Stored items:
+--

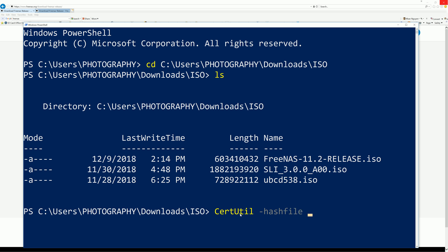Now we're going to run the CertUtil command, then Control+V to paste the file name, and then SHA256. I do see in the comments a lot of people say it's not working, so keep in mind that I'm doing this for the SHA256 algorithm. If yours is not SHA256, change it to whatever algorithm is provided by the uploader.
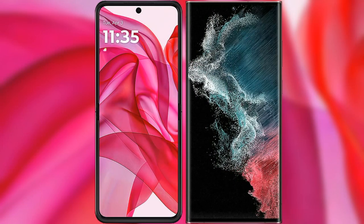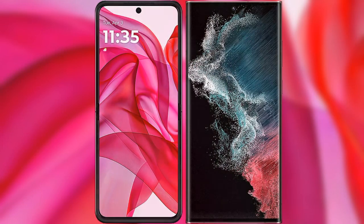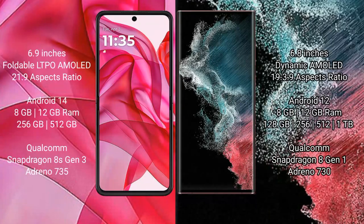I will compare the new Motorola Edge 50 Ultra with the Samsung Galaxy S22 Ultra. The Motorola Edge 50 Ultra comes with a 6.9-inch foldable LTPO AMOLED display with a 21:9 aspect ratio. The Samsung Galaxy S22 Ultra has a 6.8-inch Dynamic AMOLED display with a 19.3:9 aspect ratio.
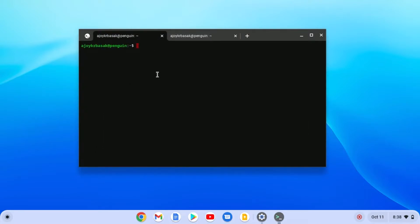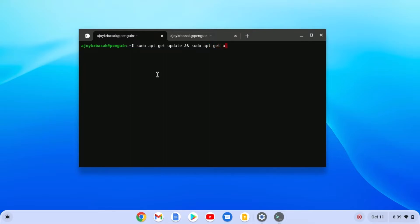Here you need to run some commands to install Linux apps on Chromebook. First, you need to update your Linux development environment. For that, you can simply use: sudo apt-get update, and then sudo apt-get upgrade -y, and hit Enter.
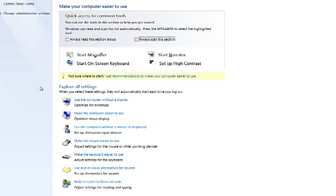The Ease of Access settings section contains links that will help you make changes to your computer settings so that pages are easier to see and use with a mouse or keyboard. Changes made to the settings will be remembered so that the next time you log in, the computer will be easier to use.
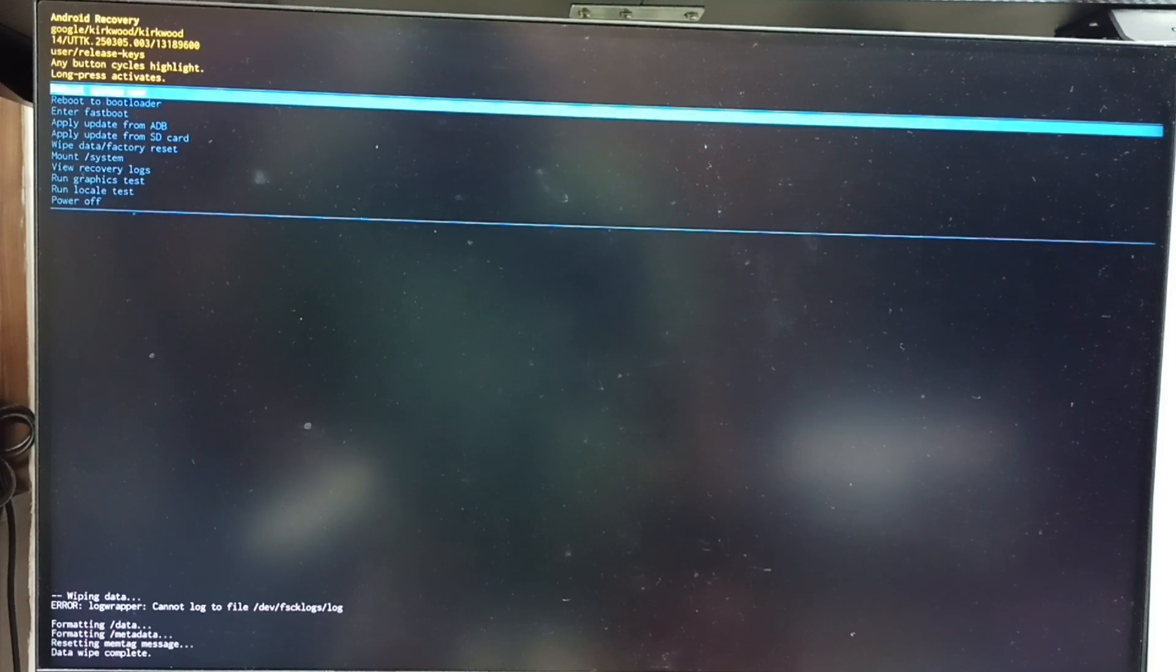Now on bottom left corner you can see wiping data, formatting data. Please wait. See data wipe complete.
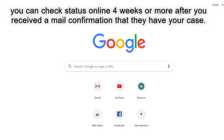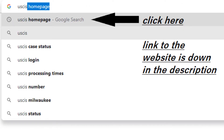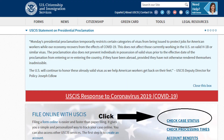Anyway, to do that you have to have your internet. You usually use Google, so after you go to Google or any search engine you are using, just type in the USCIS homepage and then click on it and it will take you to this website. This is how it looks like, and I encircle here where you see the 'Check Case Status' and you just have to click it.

+--

Leaving the pictures out, set down all of the data again exactly.

Exercise response:
Now we're going to run the CertUtil command, then Control+V to paste the file name, and then SHA256. I do see in the comments a lot of people say it's not working, so keep in mind that I'm doing this for the SHA256 algorithm. If yours is not SHA256, change it to whatever algorithm is provided by the uploader.
I will compare the new Motorola Edge 50 Ultra with the Samsung Galaxy S22 Ultra. The Motorola Edge 50 Ultra comes with a 6.9-inch foldable LTPO AMOLED display with a 21:9 aspect ratio. The Samsung Galaxy S22 Ultra has a 6.8-inch Dynamic AMOLED display with a 19.3:9 aspect ratio.
Here you need to run some commands to install Linux apps on Chromebook. First, you need to update your Linux development environment. For that, you can simply use: sudo apt-get update, and then sudo apt-get upgrade -y, and hit Enter.
The Ease of Access settings section contains links that will help you make changes to your computer settings so that pages are easier to see and use with a mouse or keyboard. Changes made to the settings will be remembered so that the next time you log in, the computer will be easier to use.
Now on bottom left corner you can see wiping data, formatting data. Please wait. See data wipe complete.
Anyway, to do that you have to have your internet. You usually use Google, so after you go to Google or any search engine you are using, just type in the USCIS homepage and then click on it and it will take you to this website. This is how it looks like, and I encircle here where you see the 'Check Case Status' and you just have to click it.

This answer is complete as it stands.